Start of Dataset
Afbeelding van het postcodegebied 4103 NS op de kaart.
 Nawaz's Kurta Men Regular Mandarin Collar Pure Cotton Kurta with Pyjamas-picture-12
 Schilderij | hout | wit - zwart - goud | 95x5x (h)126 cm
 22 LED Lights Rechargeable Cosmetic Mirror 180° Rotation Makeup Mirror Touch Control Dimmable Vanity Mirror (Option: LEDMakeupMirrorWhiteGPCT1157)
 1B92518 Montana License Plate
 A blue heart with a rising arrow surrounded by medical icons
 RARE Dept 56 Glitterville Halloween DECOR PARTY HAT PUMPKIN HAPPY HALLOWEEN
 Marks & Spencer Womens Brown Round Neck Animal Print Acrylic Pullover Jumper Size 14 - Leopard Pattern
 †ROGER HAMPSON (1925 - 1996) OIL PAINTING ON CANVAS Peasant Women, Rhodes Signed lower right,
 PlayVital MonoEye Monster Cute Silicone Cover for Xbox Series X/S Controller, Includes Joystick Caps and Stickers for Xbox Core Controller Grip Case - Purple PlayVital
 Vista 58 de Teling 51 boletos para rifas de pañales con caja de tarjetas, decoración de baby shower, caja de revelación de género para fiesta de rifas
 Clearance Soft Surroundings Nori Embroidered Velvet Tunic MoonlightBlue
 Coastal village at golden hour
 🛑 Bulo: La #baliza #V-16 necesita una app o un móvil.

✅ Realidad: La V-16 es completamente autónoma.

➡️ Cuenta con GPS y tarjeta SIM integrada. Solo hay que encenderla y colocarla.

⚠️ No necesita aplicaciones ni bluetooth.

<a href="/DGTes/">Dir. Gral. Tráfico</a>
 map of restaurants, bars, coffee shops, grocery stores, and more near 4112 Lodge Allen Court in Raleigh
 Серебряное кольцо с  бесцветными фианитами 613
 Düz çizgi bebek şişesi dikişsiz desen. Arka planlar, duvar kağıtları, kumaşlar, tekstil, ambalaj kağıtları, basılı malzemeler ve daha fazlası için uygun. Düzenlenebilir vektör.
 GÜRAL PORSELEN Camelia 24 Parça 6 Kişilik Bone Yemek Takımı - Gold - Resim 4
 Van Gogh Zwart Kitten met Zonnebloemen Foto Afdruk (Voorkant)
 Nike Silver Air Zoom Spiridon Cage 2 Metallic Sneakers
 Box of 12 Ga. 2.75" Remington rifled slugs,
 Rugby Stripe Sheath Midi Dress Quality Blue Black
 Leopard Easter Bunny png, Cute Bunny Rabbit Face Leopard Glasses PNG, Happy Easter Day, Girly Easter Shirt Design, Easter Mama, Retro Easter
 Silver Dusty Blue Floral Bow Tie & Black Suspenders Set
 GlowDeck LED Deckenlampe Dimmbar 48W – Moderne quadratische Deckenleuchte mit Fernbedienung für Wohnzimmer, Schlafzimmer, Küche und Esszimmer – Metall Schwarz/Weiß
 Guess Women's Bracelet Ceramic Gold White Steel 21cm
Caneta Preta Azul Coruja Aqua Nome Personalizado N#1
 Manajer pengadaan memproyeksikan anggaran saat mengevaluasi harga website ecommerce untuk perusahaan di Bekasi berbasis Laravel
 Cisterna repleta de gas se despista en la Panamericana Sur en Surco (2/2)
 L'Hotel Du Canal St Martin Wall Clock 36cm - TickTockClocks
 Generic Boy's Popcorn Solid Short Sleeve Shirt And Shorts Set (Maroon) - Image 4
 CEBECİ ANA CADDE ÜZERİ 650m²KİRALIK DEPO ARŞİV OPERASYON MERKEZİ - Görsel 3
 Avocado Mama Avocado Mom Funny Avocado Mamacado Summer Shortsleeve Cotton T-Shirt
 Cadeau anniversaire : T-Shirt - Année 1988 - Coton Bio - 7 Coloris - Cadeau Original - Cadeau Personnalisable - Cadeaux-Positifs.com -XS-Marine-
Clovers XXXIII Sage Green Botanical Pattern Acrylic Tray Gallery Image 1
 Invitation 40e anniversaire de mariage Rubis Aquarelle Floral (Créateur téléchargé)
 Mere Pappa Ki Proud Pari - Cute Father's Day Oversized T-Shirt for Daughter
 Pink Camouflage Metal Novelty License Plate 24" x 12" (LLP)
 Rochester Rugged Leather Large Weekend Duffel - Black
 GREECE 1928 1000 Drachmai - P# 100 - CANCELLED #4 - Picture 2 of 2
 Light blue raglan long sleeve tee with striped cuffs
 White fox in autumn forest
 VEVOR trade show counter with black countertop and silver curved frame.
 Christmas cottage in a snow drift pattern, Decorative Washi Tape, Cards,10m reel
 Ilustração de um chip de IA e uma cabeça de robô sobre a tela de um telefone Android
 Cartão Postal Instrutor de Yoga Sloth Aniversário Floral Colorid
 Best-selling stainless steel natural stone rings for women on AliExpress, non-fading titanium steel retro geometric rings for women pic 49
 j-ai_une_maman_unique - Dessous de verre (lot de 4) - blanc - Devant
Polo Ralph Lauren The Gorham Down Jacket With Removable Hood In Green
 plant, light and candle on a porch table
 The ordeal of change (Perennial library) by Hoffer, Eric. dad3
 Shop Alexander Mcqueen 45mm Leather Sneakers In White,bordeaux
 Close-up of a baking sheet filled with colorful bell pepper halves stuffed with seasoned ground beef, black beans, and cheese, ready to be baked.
End of Dataset
▸ Activity
Output the lines above between the one holding "VEVOR trade show" and the one holding "Cartão Postal Instrutor", inclusive, with nothing before or after them.

▸ Result of this exercise
 VEVOR trade show counter with black countertop and silver curved frame.
 Christmas cottage in a snow drift pattern, Decorative Washi Tape, Cards,10m reel
 Ilustração de um chip de IA e uma cabeça de robô sobre a tela de um telefone Android
 Cartão Postal Instrutor de Yoga Sloth Aniversário Floral Colorid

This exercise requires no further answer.